# Heat from dimmers



## emtarnold (Jul 17, 2009)

Hello all I'm new here found the forums looking for high capacity dimmers. Here is my situation. In a residential install the customer speced dimmers for kitchen and dinning room. The kitchen has 860 watts of incandescent light I purchased lutron avanti 1000 watt dimmers but they got warm, I have installed many of these and all have gotten warm to the touch but I have never had a light load this large. I tried the old fashioned bakealite covers still customer not happy. Any suggestions for a dimmer that will handle 1000 watts and remain somewhat cool. Each is in its own single gang box I knew heat would be and issue. There will be no smaller bulbs being put in or redistributing of the loads my customer is very expressive about this. He is a very good customer and I would like to keep him happy. Thank you in advance Frank


----------



## MDShunk (Jan 7, 2007)

You'd need to get the "heat sink" style dimmer for them to run "cool". Dimmers can get something like 40 degrees over ambient, per the mfgr. and be "normal", but customers don't like it. Heat sink dimmers look like sin, but they'll do the trick for you. The face of them is 2-gangs big, but they fit in a single gang box. They will not fit in a gang box.


----------



## Minuteman (Dec 29, 2007)

I don't have an answer for you, maybe some one else will. 

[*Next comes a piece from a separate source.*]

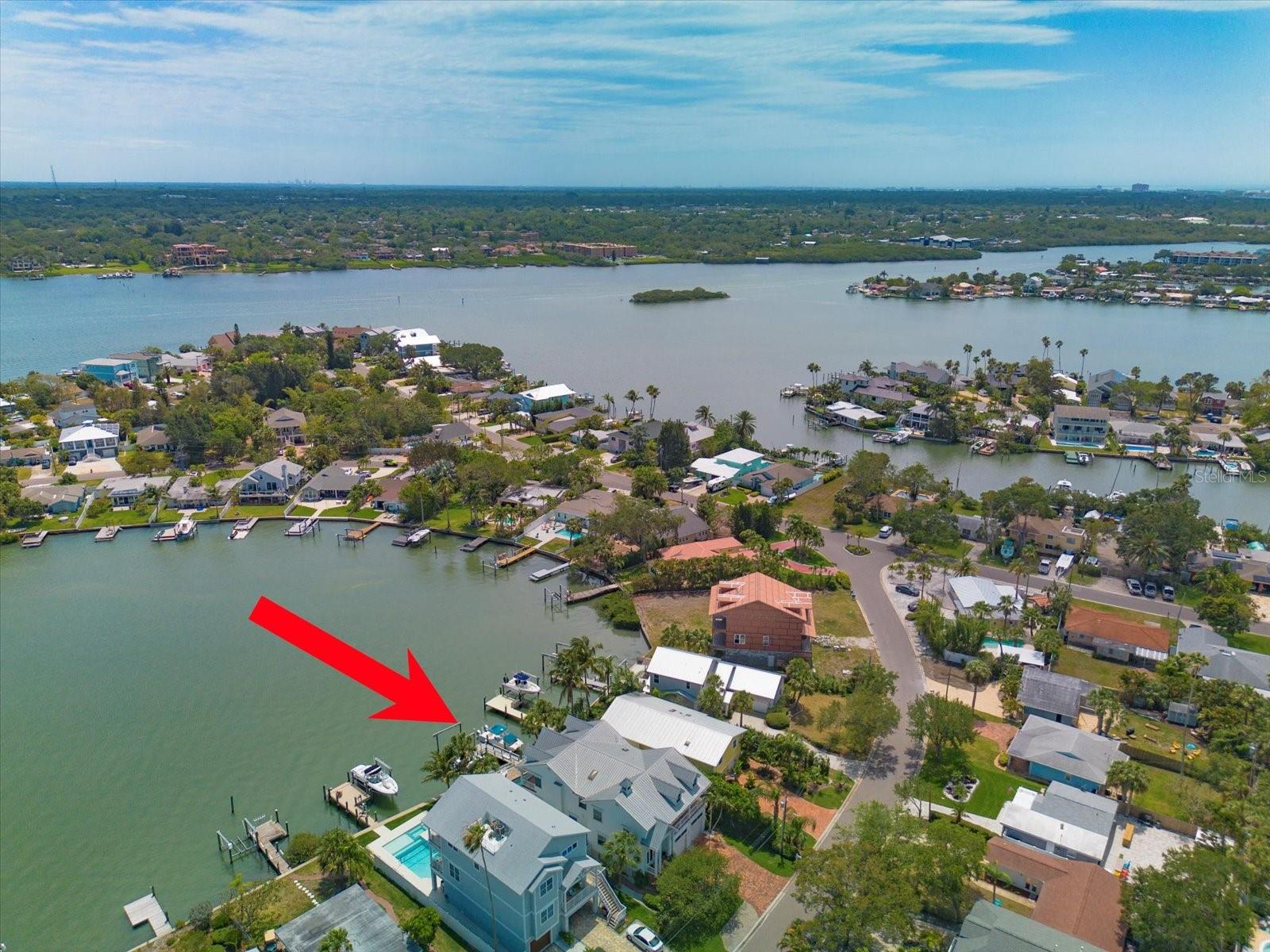 INDIAN BEACH RE-REVISED 1ST ADD - Residential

What bothers me is this whole notion that it CAN be fixed. I mean, 860 watts is a lot of heat. It's the old "cake and eat it too" thing. Customer wants the large load, and wants it dimmable, and wants it without heat. Not asking for much.


----------



## MDShunk (Jan 7, 2007)

Basically, if you go get a Lutron (please stick with Lutron, for your own sake) 2000 watt dimmer, it will run quite cool with that 840 watt load. It will just look uglier than you intended since it will have the heat sink.


----------



## emtarnold (Jul 17, 2009)

*thanks to all*

Thank you to all who posted I will order one of the 2k dimmers from lutron appearance aside this does seem to be the best option. Perhaps I can talk the cabinet guys into putting a door over it :laughing:


----------



## Dennis Alwon (May 9, 2009)

Lutron also makes a Nova 1500 watt dimmer which may be cheaper but also may run a bit hotter. It also looks better. They will all get warm to some degree- it is the nature of the beast. 

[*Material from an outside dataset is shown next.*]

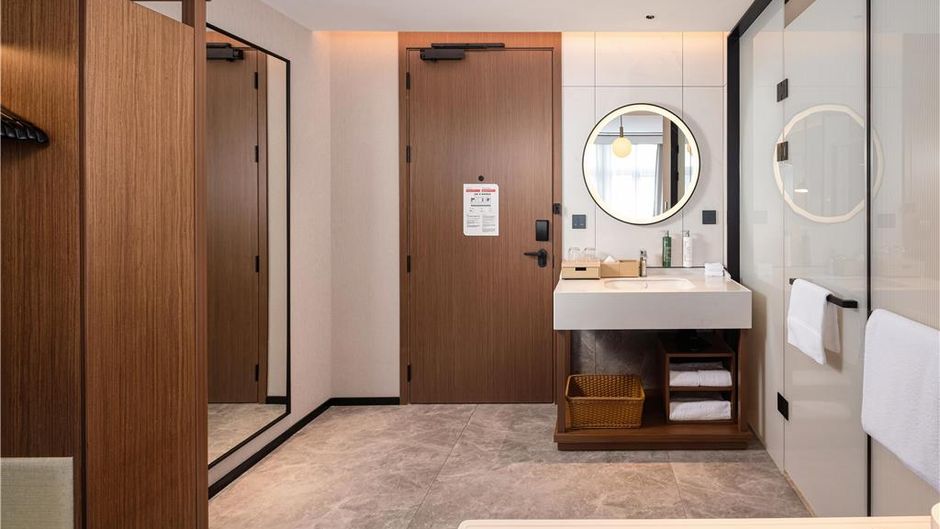 Hilton Garden Inn Huangshan Huizhou Room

I believe the 1500 watt is wider than pictured


----------



## ralph (Apr 6, 2008)

Was this switch in a box with other switches /or dimmers ? If you gang a 1000 watt with others, I think that the manufacturer makes you give back some of that available wattage. It could be up to 200 watts, wich would def cause the heating.


----------



## Toronto Sparky (Apr 12, 2009)

As I recall 1500w lutron is double wide and has fins but the cover covers all the fins. Looks O.K. to me. 
Once again they can't be ganged without losing rating big time.


----------